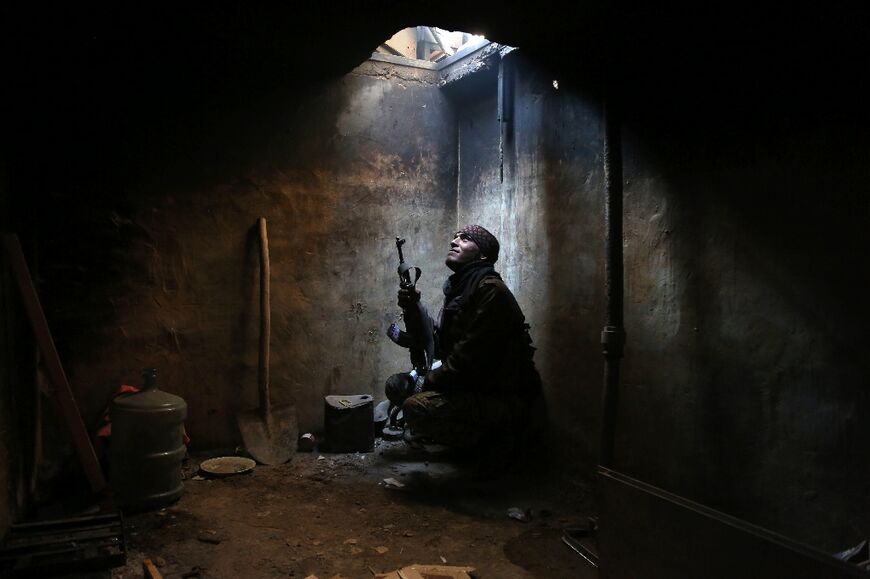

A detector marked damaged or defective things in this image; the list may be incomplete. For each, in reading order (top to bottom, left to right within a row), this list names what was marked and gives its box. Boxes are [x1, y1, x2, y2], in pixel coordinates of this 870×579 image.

damaged plaster wall [35, 61, 456, 448]
damaged plaster wall [454, 54, 608, 472]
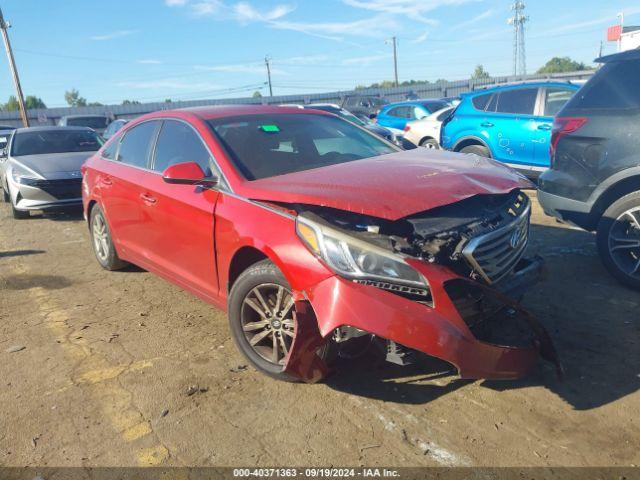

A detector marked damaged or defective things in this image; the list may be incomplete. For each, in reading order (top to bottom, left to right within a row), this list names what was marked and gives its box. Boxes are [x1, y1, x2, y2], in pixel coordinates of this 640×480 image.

crumpled hood [10, 152, 92, 180]
crumpled hood [238, 149, 532, 220]
broken headlight [296, 217, 428, 288]
damaged front end [280, 190, 560, 382]
detached front bumper [284, 256, 560, 384]
damaged bumper cover [284, 256, 560, 384]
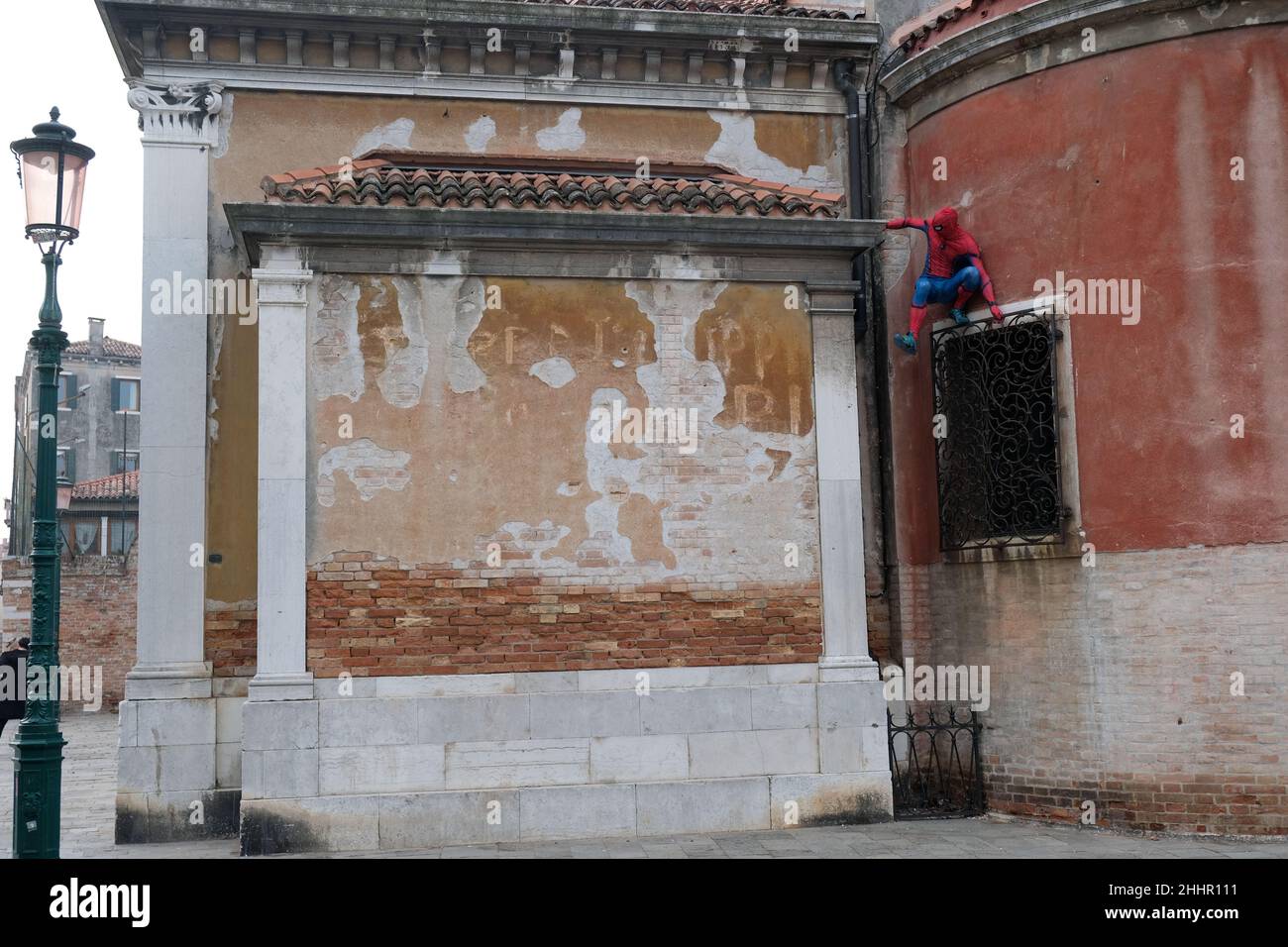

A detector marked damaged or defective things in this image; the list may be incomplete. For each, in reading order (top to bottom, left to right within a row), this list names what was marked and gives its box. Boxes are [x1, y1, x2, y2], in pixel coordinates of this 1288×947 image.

peeling paint patch [355, 118, 414, 157]
peeling paint patch [466, 116, 494, 153]
peeling paint patch [535, 107, 587, 152]
peeling paint patch [705, 112, 834, 189]
peeling paint patch [530, 355, 577, 388]
peeling paint patch [315, 440, 409, 507]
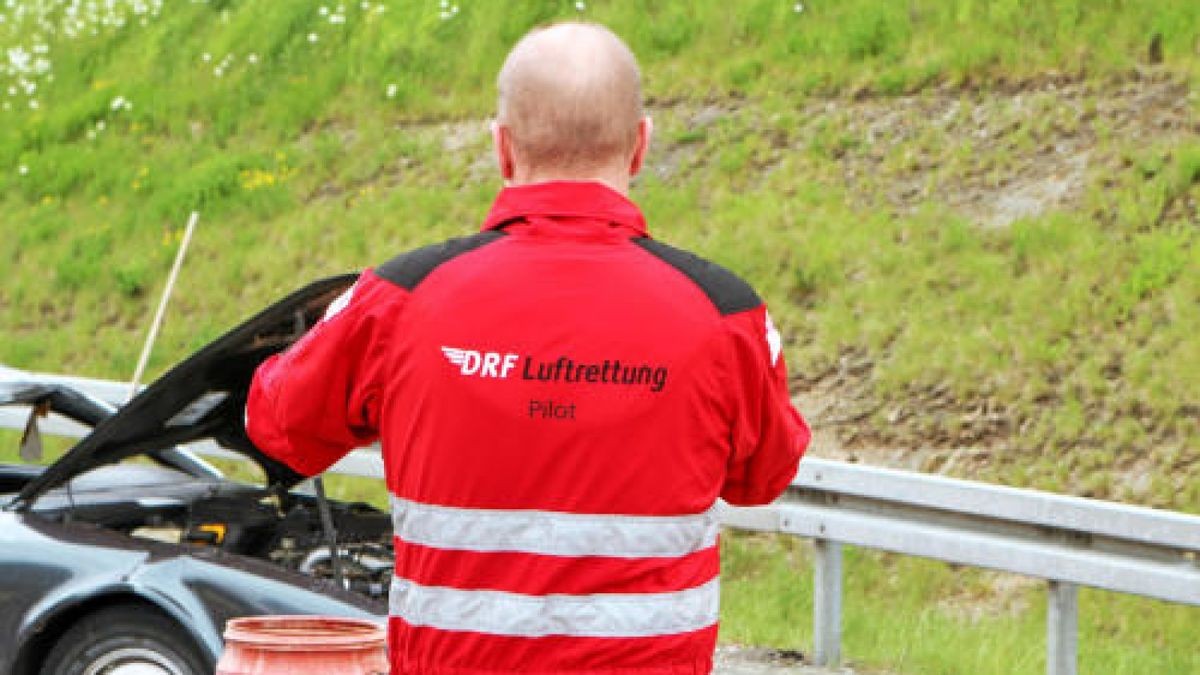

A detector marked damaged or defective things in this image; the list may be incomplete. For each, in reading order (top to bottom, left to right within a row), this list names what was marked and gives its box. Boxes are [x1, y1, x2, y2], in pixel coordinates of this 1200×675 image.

damaged car [0, 275, 393, 672]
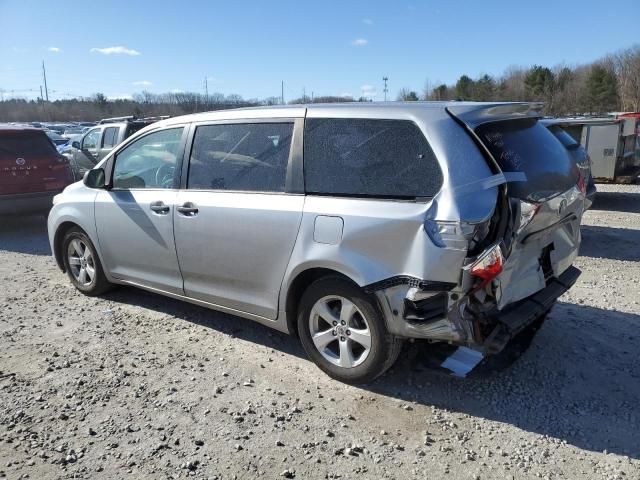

•••••

TO DO: Set down word for word every line from the line containing "this 1200×675 image." through the last line of the entries, and nothing more; no pictures.

RESPONSE BOX:
A detector marked damaged or defective things in this image; the list may be incomplete. For each, in reading order (top to bottom, left to right within a row), this list names what was marked and gives its box. Boxes are [x1, y1, x2, y2], in pixel coordinates of this 1200×675 image.

damaged car [0, 275, 393, 672]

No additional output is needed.